'''
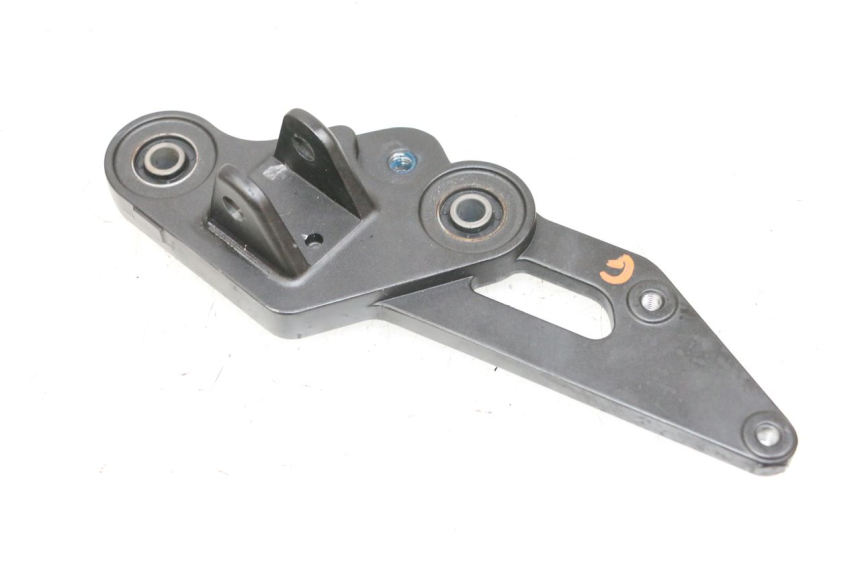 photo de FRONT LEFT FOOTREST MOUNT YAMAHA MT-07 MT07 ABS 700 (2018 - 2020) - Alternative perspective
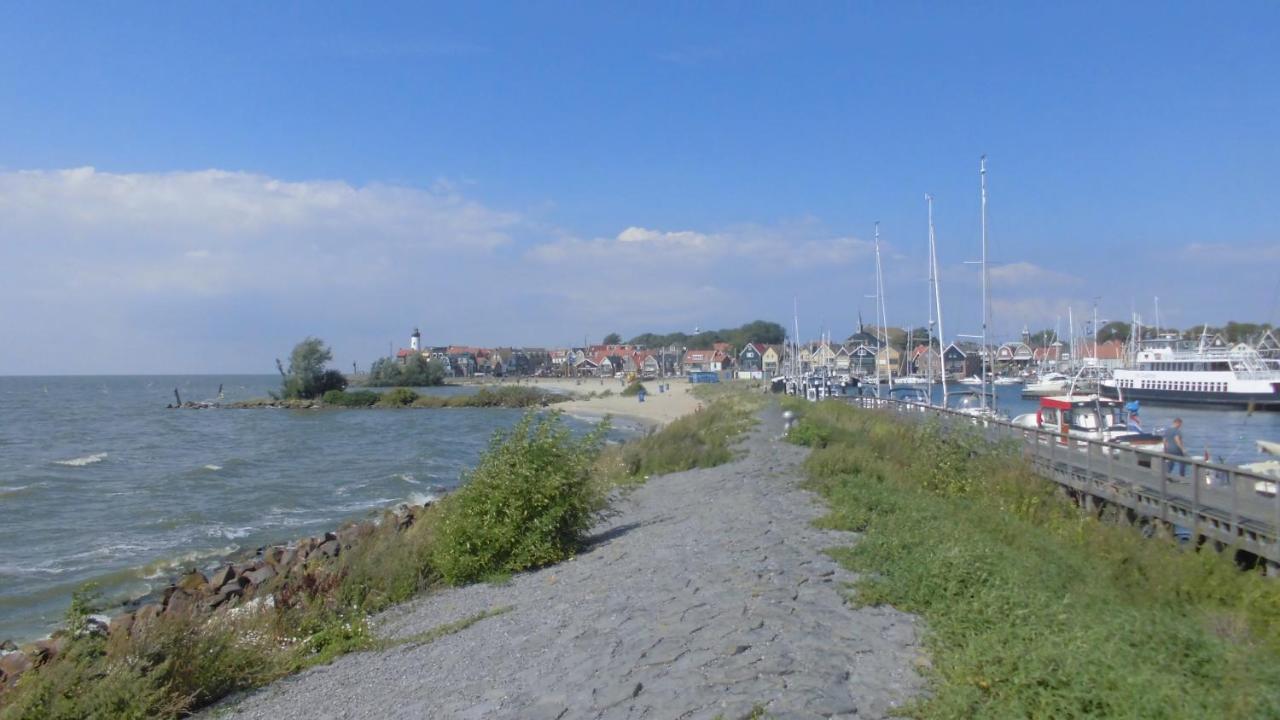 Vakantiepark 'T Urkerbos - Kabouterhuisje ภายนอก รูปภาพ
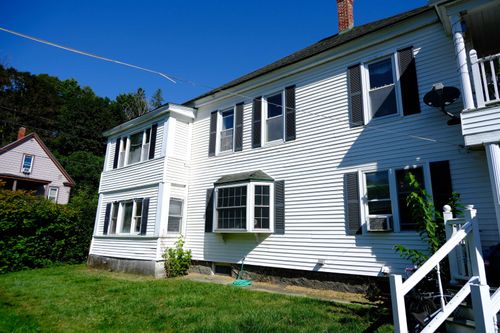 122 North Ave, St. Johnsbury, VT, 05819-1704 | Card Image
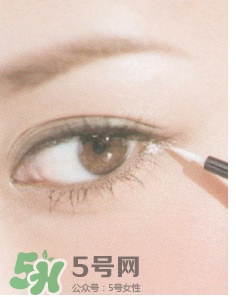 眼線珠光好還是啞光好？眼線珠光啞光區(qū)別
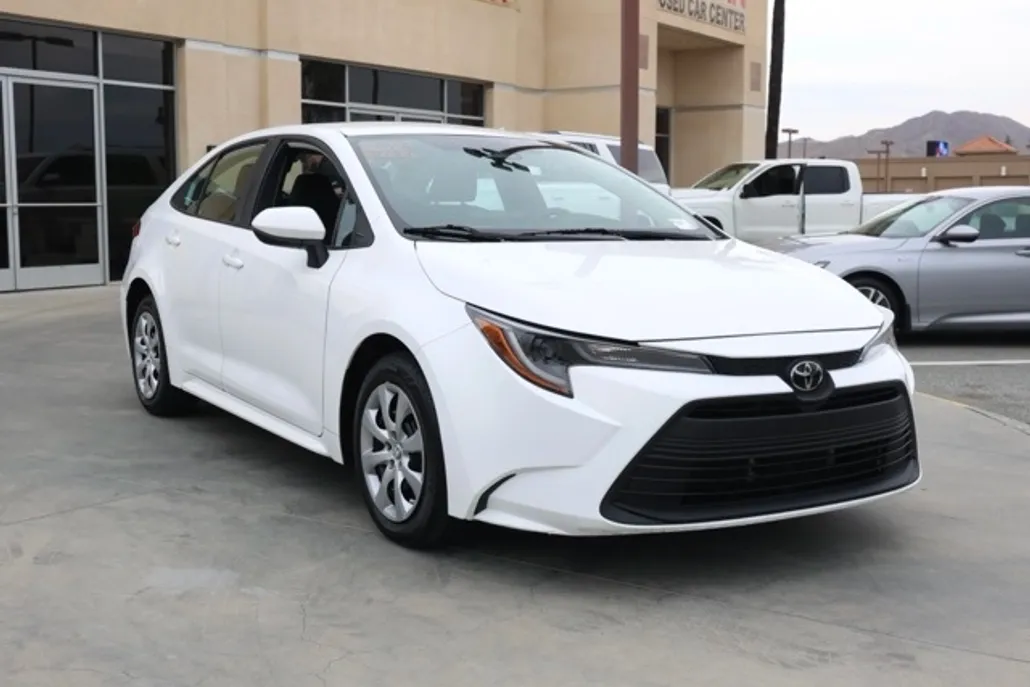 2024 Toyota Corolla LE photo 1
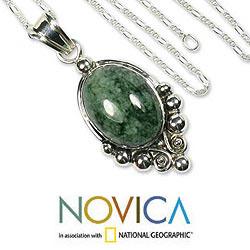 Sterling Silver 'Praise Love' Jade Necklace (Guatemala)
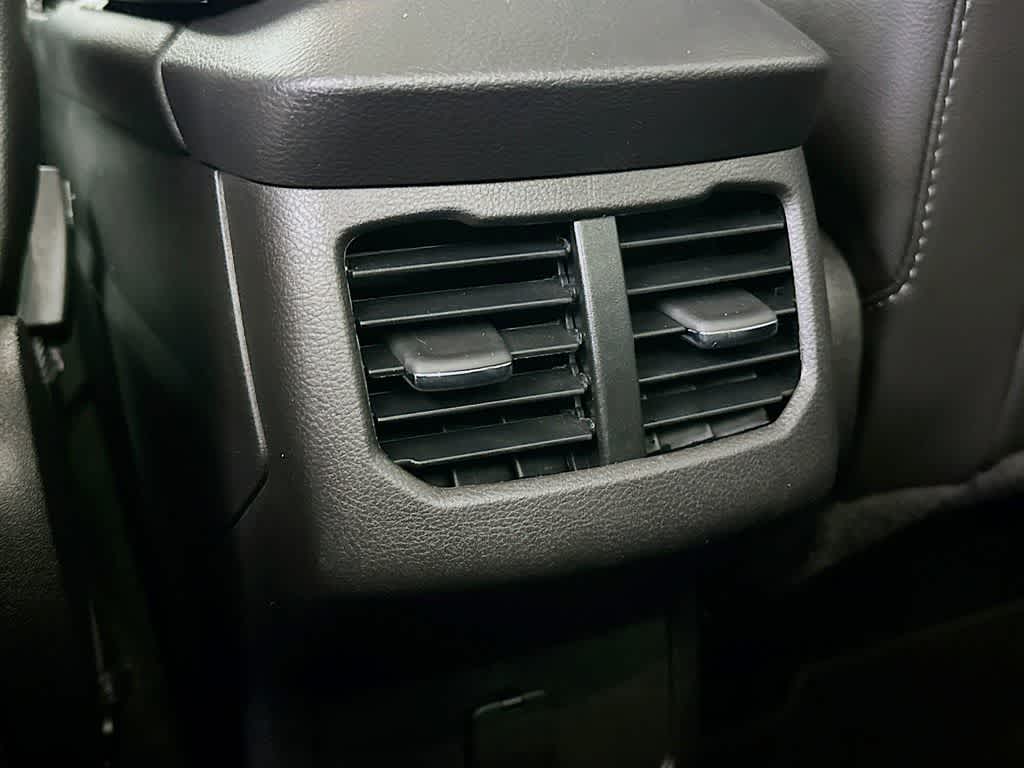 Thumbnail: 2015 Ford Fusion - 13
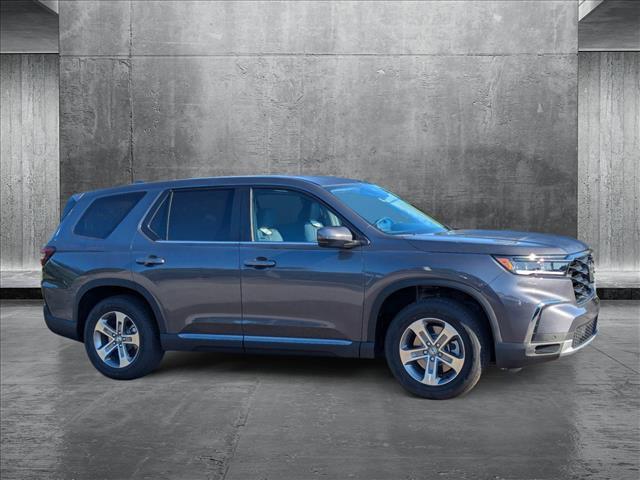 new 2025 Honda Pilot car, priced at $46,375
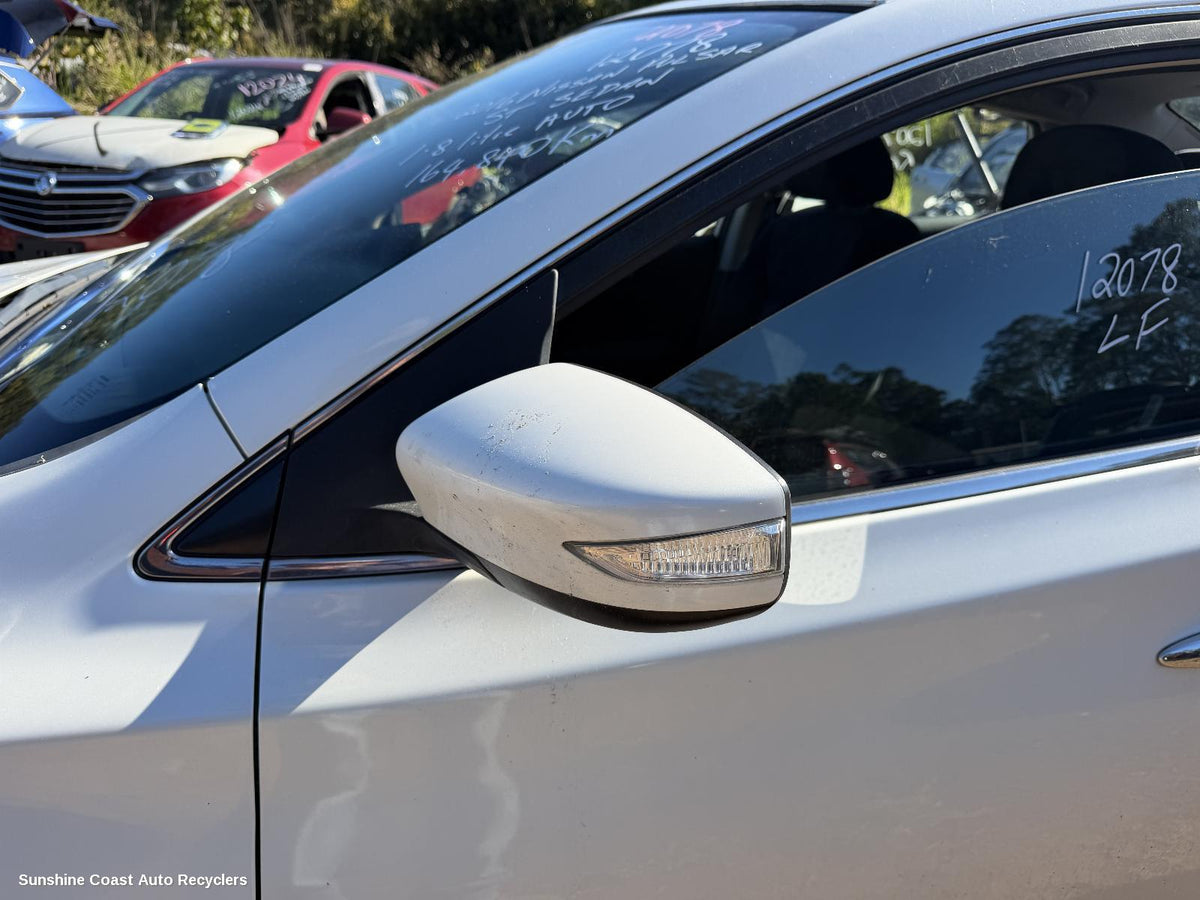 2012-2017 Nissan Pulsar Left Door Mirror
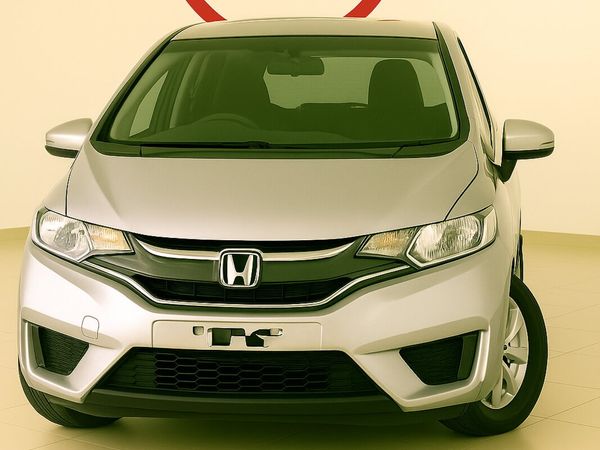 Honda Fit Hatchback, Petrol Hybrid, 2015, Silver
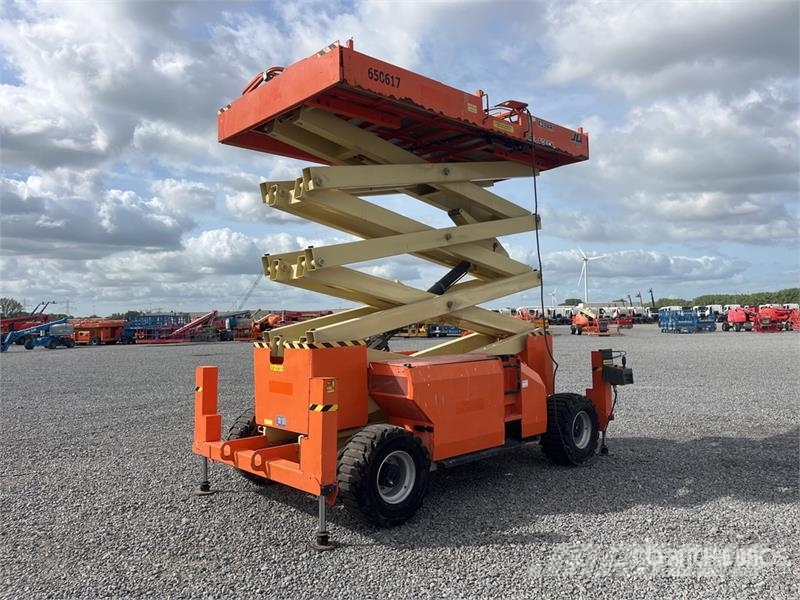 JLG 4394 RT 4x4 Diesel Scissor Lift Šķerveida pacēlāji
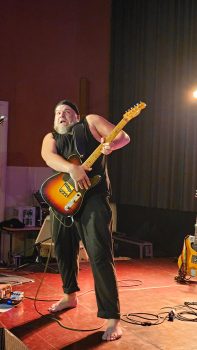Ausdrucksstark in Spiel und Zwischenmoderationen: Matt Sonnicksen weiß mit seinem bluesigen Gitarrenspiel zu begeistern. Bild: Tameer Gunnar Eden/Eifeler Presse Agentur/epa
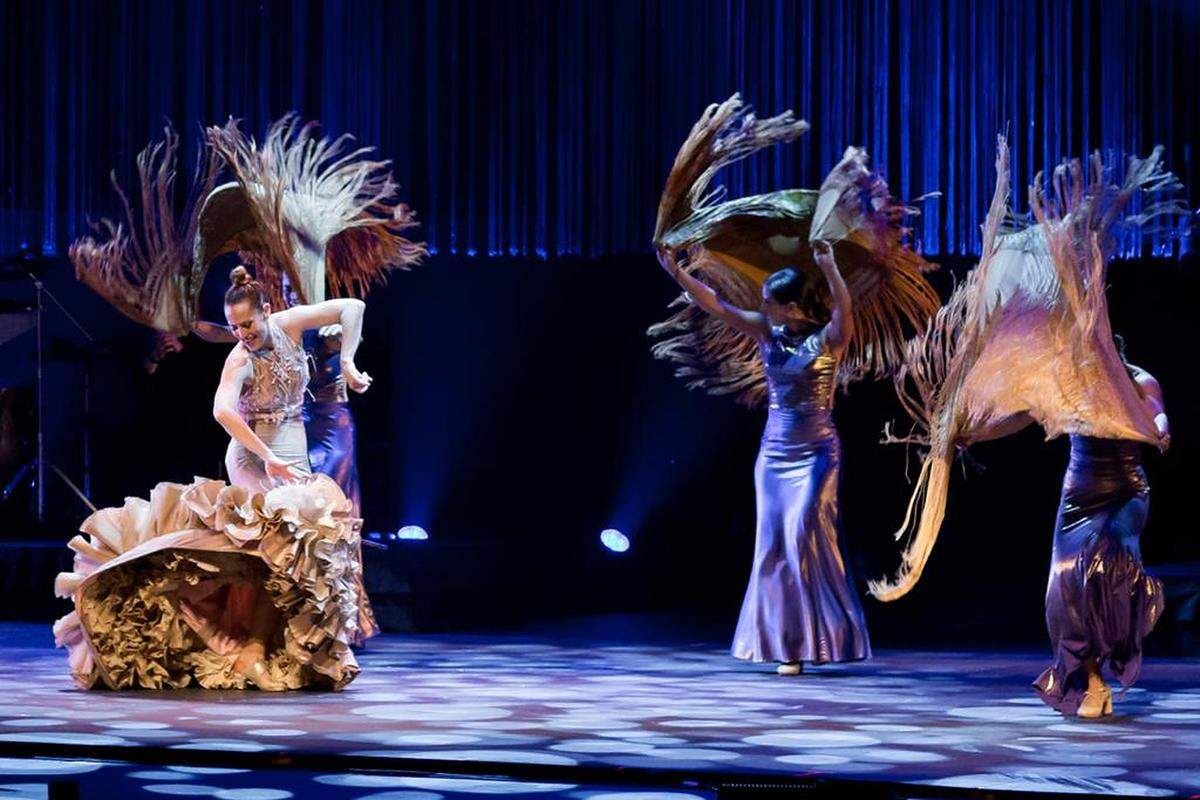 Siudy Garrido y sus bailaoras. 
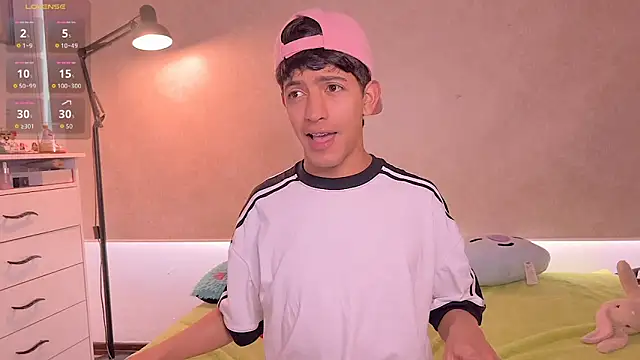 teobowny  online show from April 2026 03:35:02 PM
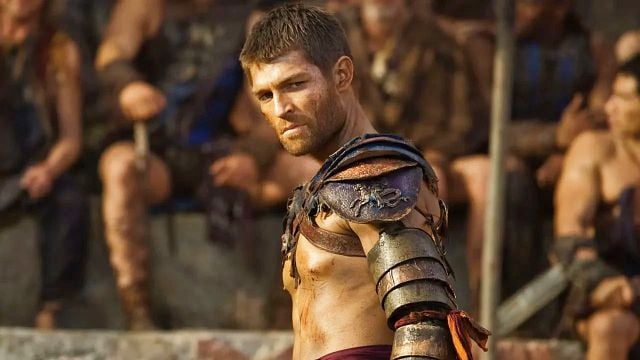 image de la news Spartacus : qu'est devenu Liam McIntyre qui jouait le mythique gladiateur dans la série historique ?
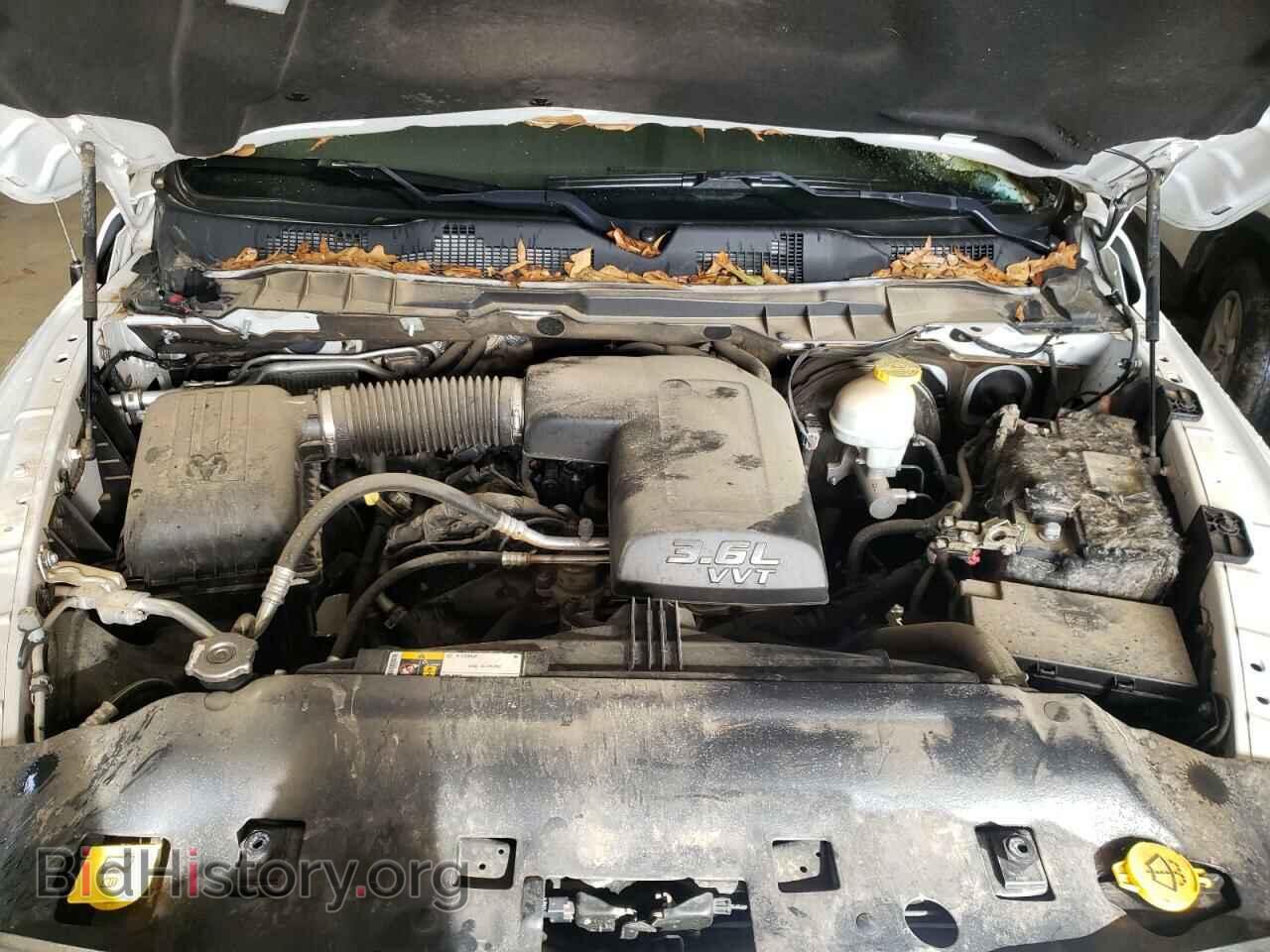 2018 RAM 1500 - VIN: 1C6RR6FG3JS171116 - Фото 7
'''
- WORK INSTRUCTION:
Please retype the entries above word for word, but only from the line containing "Siudy Garrido y sus bailaoras." through the last line, and without the pictures.

- OUTPUT FOR THIS TASK:
 Siudy Garrido y sus bailaoras. 
 teobowny  online show from April 2026 03:35:02 PM
 image de la news Spartacus : qu'est devenu Liam McIntyre qui jouait le mythique gladiateur dans la série historique ?
 2018 RAM 1500 - VIN: 1C6RR6FG3JS171116 - Фото 7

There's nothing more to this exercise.